Linear models: Misspecification
In our discussion of linear model inference in Unit 2, we assumed the normal linear model throughout:
\[ \boldsymbol{y} = \boldsymbol{X} \boldsymbol{\beta} + \boldsymbol{\epsilon}, \quad \text{where} \ \boldsymbol{\epsilon} \sim N(\boldsymbol{0}, \sigma^2 \boldsymbol{I}_n). \]
In this unit, we will discuss what happens when this model is misspecified:
- Non-normality (Section 13.1): \(\boldsymbol{\epsilon} \sim (0, \sigma^2 \boldsymbol{I}_n)\) but not \(N(0, \sigma^2 \boldsymbol{I}_n)\).
- Heteroskedastic and/or correlated errors (Section 13.2): \(\boldsymbol{\epsilon} \sim (0, \boldsymbol{\Sigma})\), where \(\boldsymbol{\Sigma} \neq \sigma^2 \boldsymbol{I}\).

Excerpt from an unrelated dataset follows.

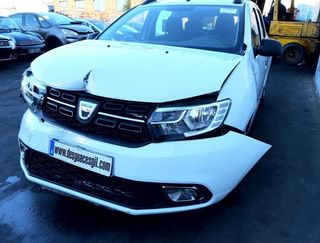 1105823 mando calefaccion dacia logan mcv laureate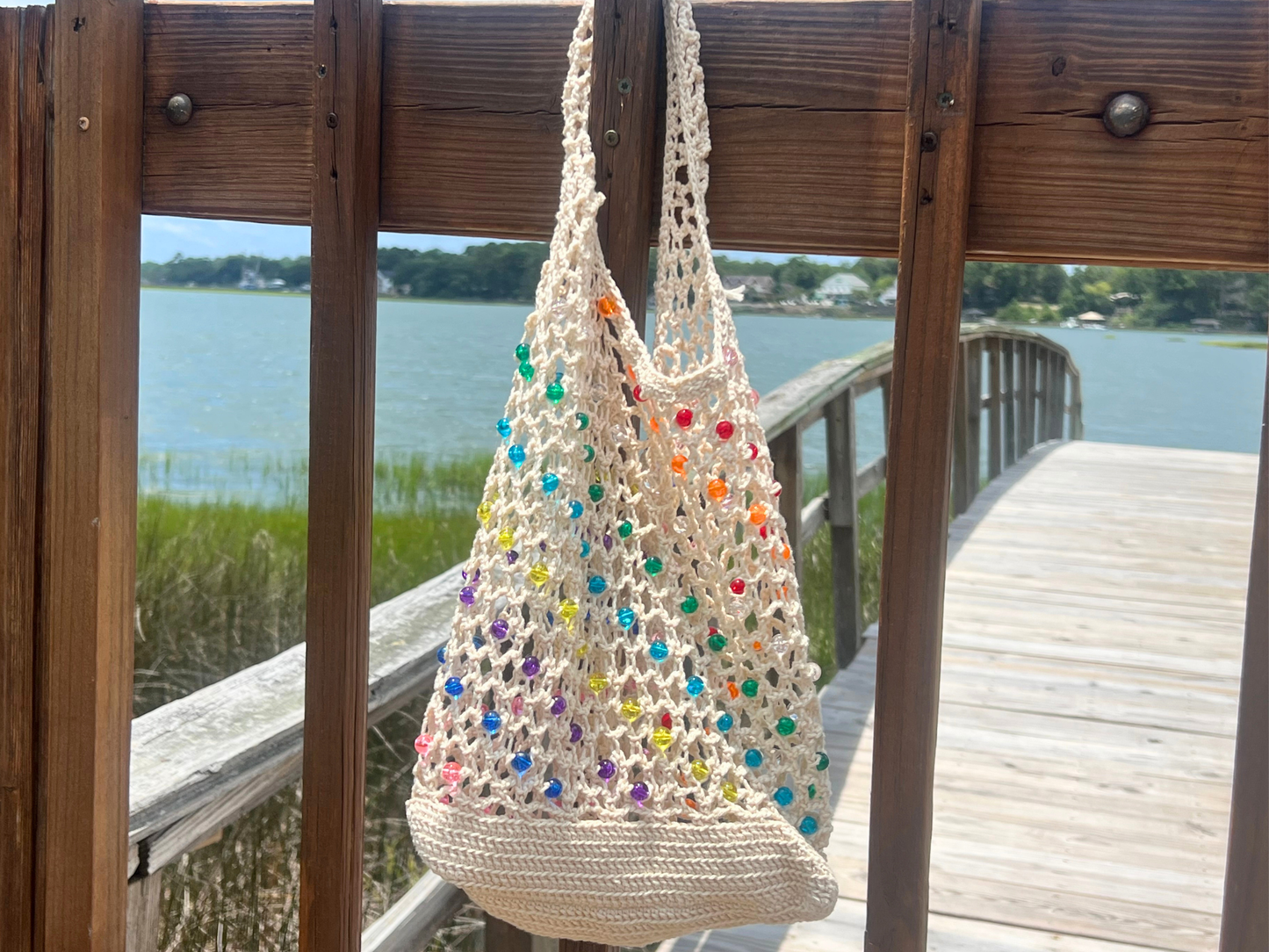 Thee Beach Babe Bag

This includes the case of heteroskedastic errors (\(\boldsymbol{\Sigma}\) is diagonal but not a constant multiple of the identity) and correlated errors (\(\boldsymbol{\Sigma}\) is not diagonal).
- Model bias (Section 13.3): It is not the case that \(\mathbb{E}[\boldsymbol{y}] = \boldsymbol{X} \boldsymbol{\beta}\) for some \(\boldsymbol{\beta} \in \mathbb{R}^p\).

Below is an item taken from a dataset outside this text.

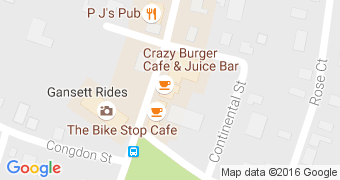 Crazy Burger Cafe & Juice Bar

- Outliers (Section 13.4): For one or more \(i\), it is not the case that \(y_i \sim N(\boldsymbol{x}_{i*}^T \boldsymbol{\beta}, \sigma^2)\).
For each type of misspecification, we will discuss its origins, consequences, detection, and fixes (Section 13.1-Section 13.4). We then discuss methodological approaches to address model misspecification, including asymptotic robust inference methods (Chapter 14), the bootstrap (Chapter 15), the permutation test (Chapter 16), and robust estimation (Chapter 17). We conclude with an R demo (Chapter 18).